La bestia tenía casi el doble de la estatura de Drizzt y pesaba unas cinco veces más. Estaba protegida de pies a cabeza con el duro caparazón de su exoesqueleto y provista de un largo y poderoso pico además de unas garras como guadañas. Tres de estos monstruos se interponían entre Drizzt y la niña.

Drizzt no hizo caso a todos estos detalles en aquel horrible y crítico momento. Sus temores por la niña superaban cualquier preocupación por el peligro que se erguía ante él. Era un guerrero drow, un luchador preparado y equipado para la batalla, mientras que la niña se encontraba indefensa.

Dos de los oseogarfios corrieron hacia la cornisa, y Drizzt aprovechó la oportunidad. Dio un salto y voló por encima de ellos para ir a caer delante de la tercera bestia, a la que atacó sin perder un segundo. El monstruo se olvidó de la niña en cuanto las cimitarras lanzaron una lluvia de golpes contra su pico para destrozar su armadura facial en busca de una grieta por donde asestar una estocada mortal.

El oseogarfio retrocedió, espantado por la furia de su oponente e incapaz de seguir el velocísimo movimiento de las cimitarras.

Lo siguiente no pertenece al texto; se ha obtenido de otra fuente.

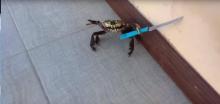 Crabe-Couteau-Vidéo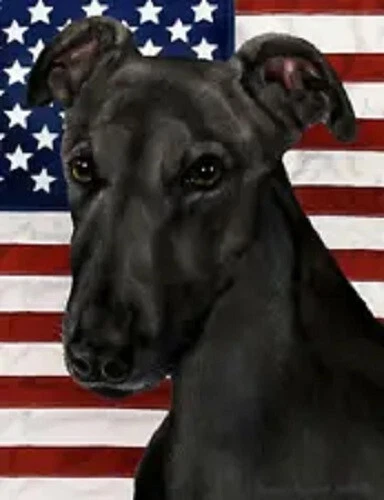 Patriotic (D2) Garden Flag - Black Greyhound 323121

Drizzt sabía que tenía ventaja en el combate contra este monstruo, pero también era consciente de que los otros dos no tardarían en atacarlo por la espalda. Prosiguiendo con su ataque implacable, se apartó de su posición al lado de la bestia y la rodeó para cortarle la retirada. Después se dejó caer al suelo y utilizó su cuerpo como una palanca entre las gruesas piernas del monstruo para hacerlo caer. En cuanto consiguió su propósito se encaramó sobre el corpachón y buscó una brecha en la armadura de hueso.

El oseogarfio intentó defenderse como pudo, pero su enorme peso le impedía moverse con la rapidez suficiente para evitar el asalto.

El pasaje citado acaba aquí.